— WORK REQUEST —
Your answer must be the line containing "House | Interior" and each following line to the end of the listing below, copied exactly, with pictures removed and nothing added.

— SUPPLIED INFORMATION —
==================================================
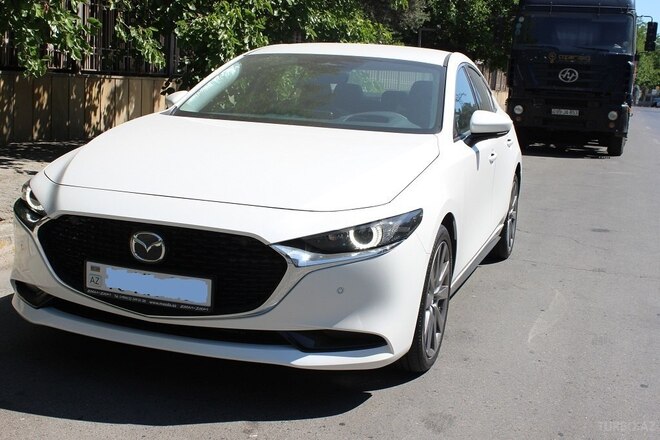 Mazda 3 2023, 700 km - 2.0 l - Bakı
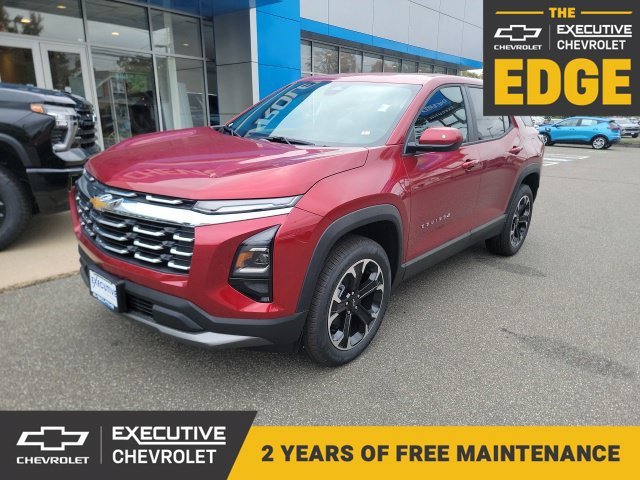 2027 Chevrolet Equinox LT - Photo 1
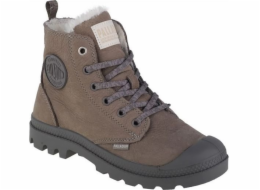 Palladium Pampa Hi Zip WL 95982-055-M šedá 39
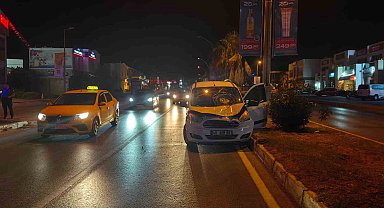 Bodrum'da otomobil yayaya çarptı: 1 ölü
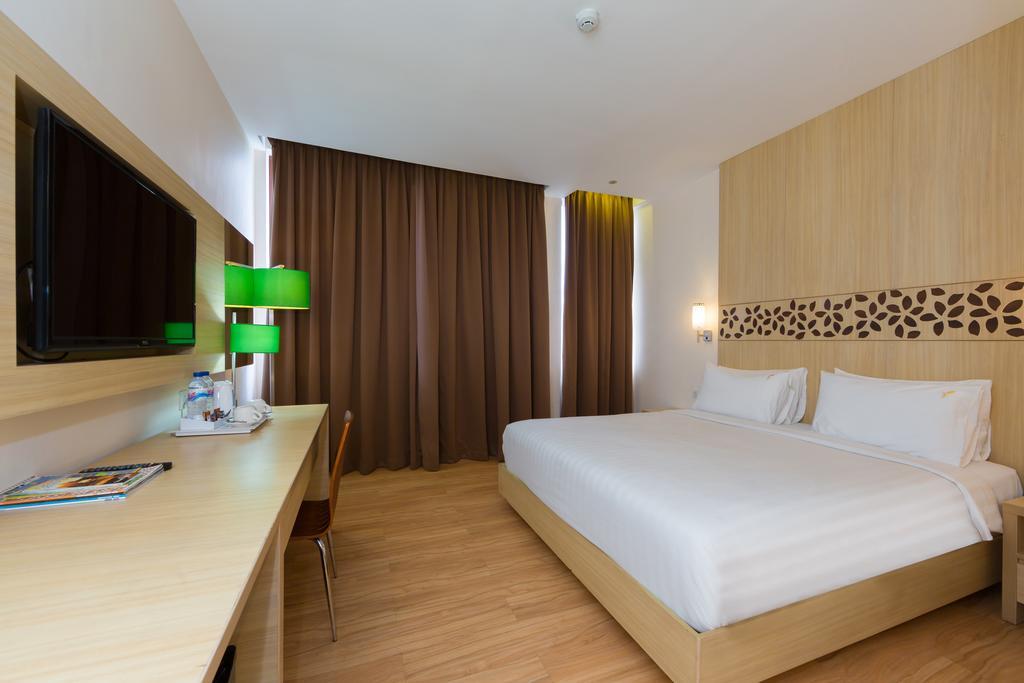 Vihan Suites Bali Kuta Lombok Exteriör bild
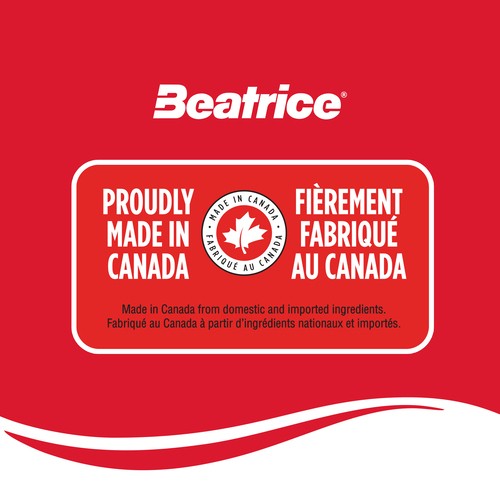 Beatrice 1% Milk Partly Skimmed Chocolate 1 L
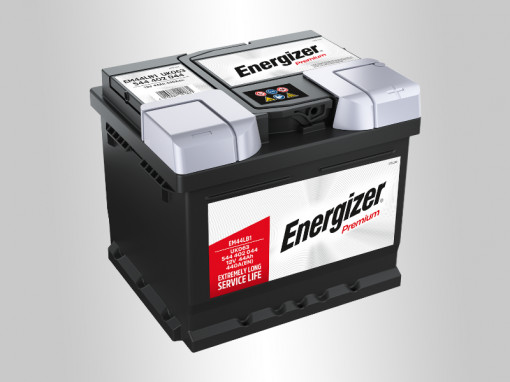Akumulator 44Ah 440A EM44LB1 Energizer Premium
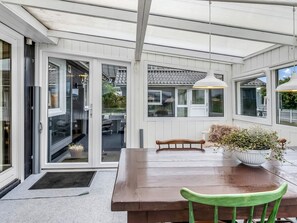 House | Interior - 4 Person Holiday Home in Fano (Fano)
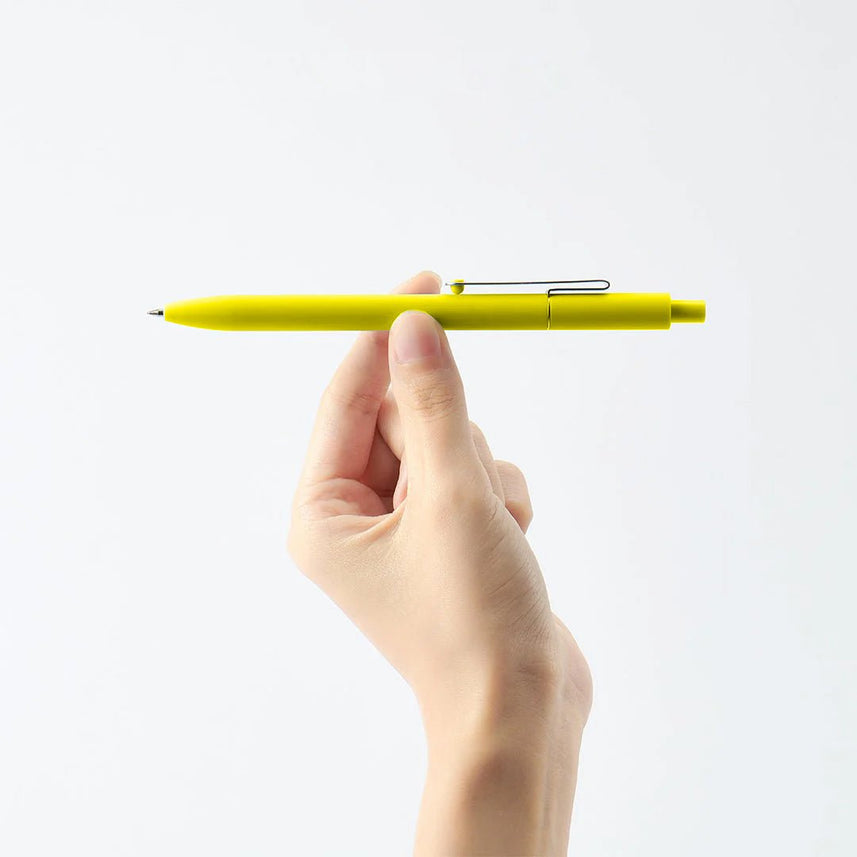 Kaco Midot Gel Pen - INDOFUTURE - Kaco - Midot - Yellow - Gel Pens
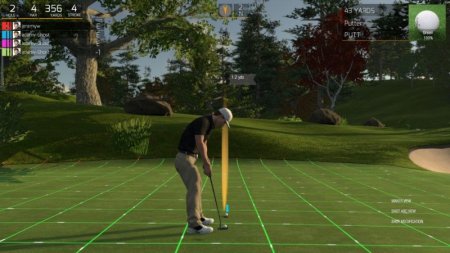 Игра The Golf Club Collector's Edition (PS4) Playstation 4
==================================================
— REPLY TO THE TASK —
 House | Interior - 4 Person Holiday Home in Fano (Fano)
 Kaco Midot Gel Pen - INDOFUTURE - Kaco - Midot - Yellow - Gel Pens
 Игра The Golf Club Collector's Edition (PS4) Playstation 4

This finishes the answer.